Ve bu iki ana akımın doğurduğu onlarca grup.

Ama benim için basit ve çarpıcı gerçek şuydu:

İslam tarihi, "Peygamber sözü" uyduranlarla doluydu ve benim zavallı "dindar" kalbim, "Peygamber sözü" uydurmaktan utanmayan insanların ne kadar da çok olduklarını gördükçe örseleniyordu.

"Müslümanlık" ile "Müslümanlar" arasında fark gözetmeye, işte bu örselenmeyle birlikte başladım.

Bir de şunu fark ettim:

Hıristiyanlığın bir ortaçağı varsa, İslam’ın da vardır.

* * *

Evet, örselendim ama kendime bir çıkış yolu da buldum.

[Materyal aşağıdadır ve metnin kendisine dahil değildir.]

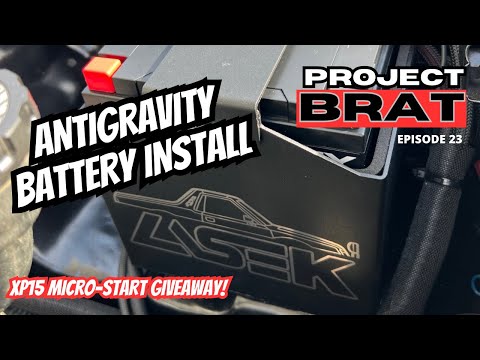 Project Brat Episode #23 Antigravity re-start battery and MELE battery mount install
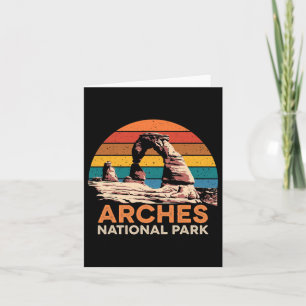 Arches National Park Vintage Utah Vintage National Karte
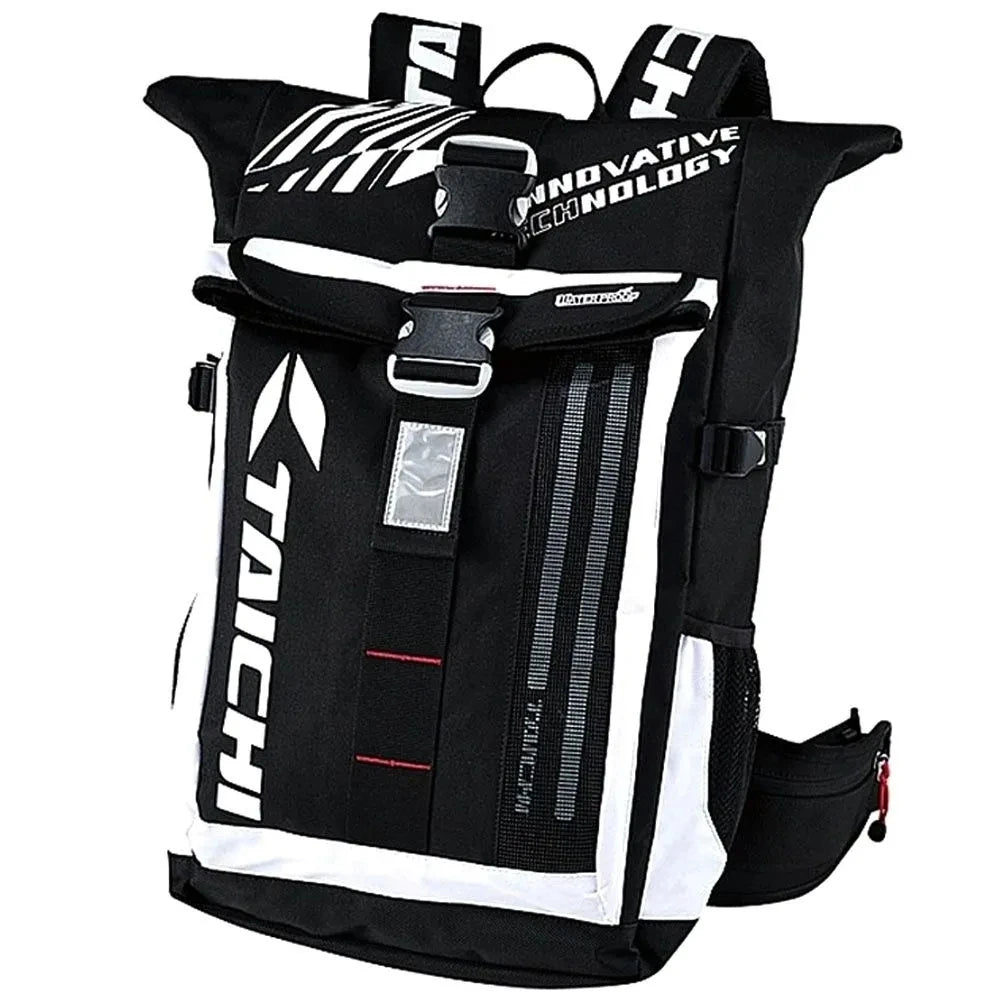 Sac à dos moto imperméable noir avec option éclairage LED - vue 10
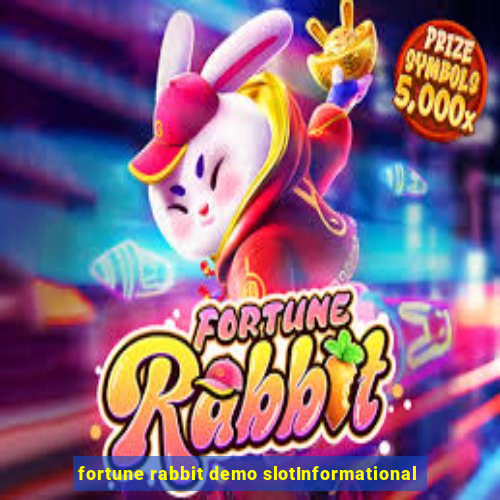 fortune rabbit demo slotInformational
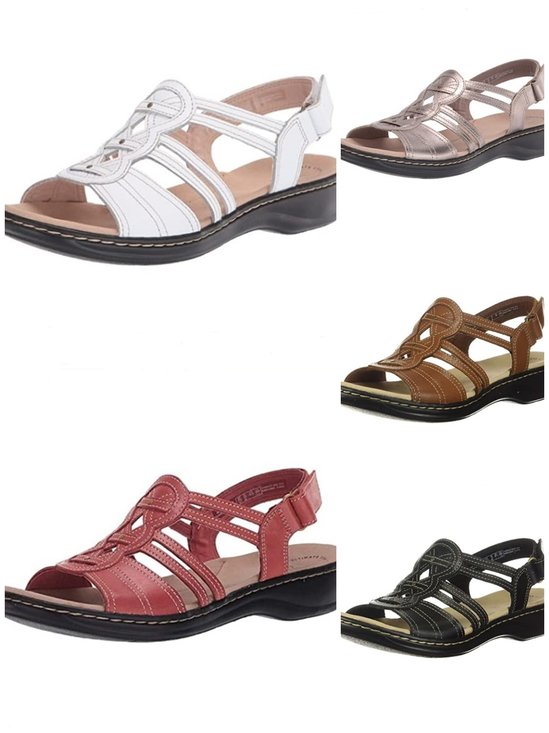 Europe and the United States foreign trade large size slippers new flat bottom casual open-toe beach sandals women's shoes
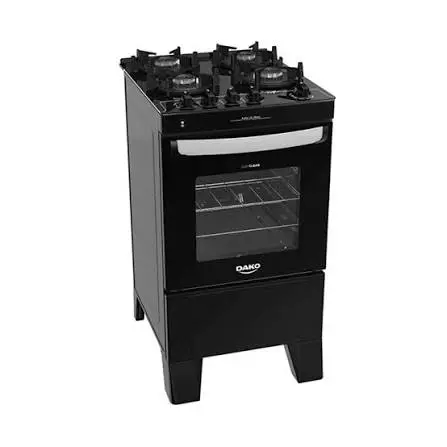 Cocina 4H Agile Glass con Grill Negro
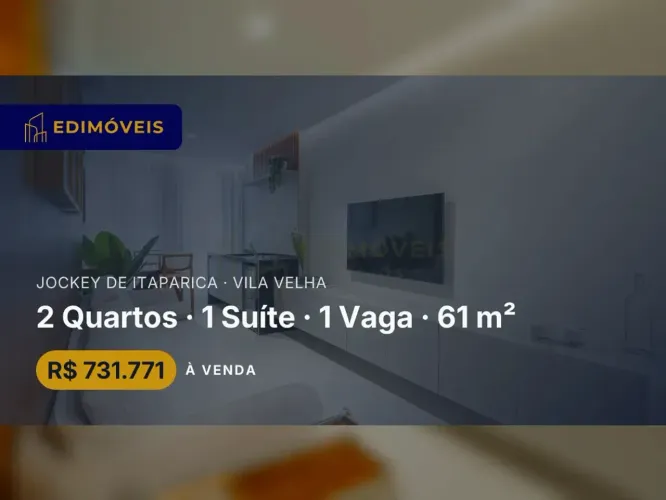 Jockey de Itaparica| Apartamento 2 quartos em condomínio, perto da praia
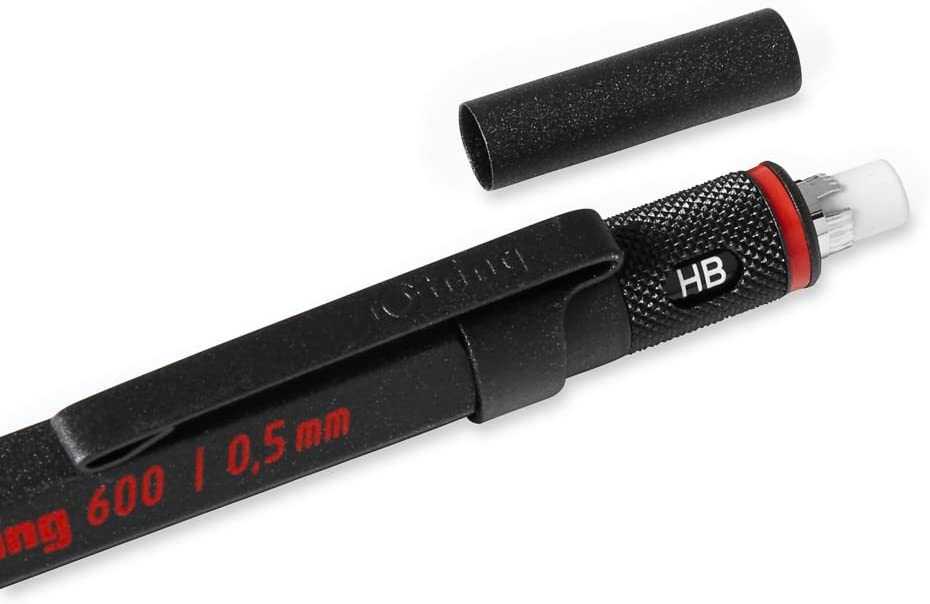 Rotring automatinis pieštukas 600 0,5 Juodas - 1904443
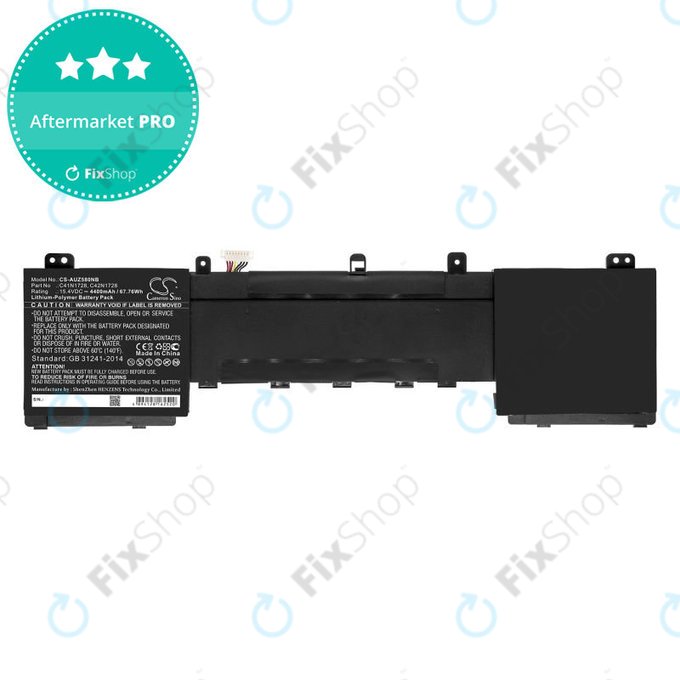 Baterie pro Asus Zenbook Pro 15, 5500VE, UX550GD, 4400mAh, Li-Pol, 15.4V, C41N1728, HQ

Yok, öyle hadis biliminin "Da Vinci Şifresi" tarzındaki "Uydurma hadisi nasıl saptarız" yöntemlerine falan kulak asarak değil.

Ya da...

Hadis konusunda ortaya çıkan sayısız gruplardan birine dahil olarak da değil!

Benim yöntemim basit mi basittir:

Bir hadis kadınları aşağılıyor mu? Eşitsizliğe kapı aralıyor mu? Adaletsizliğe meşruiyet sağlıyor mu? Mantıksız mı? Irkçılığı kışkırtıyor mu?

O zaman karar veriyorum ki:

O hadis uydurmadır!

Kısacası...

Mehmed Akif’in dediği gibi:

"Yol varsa budur, bilmiyorum başka çıkar yol."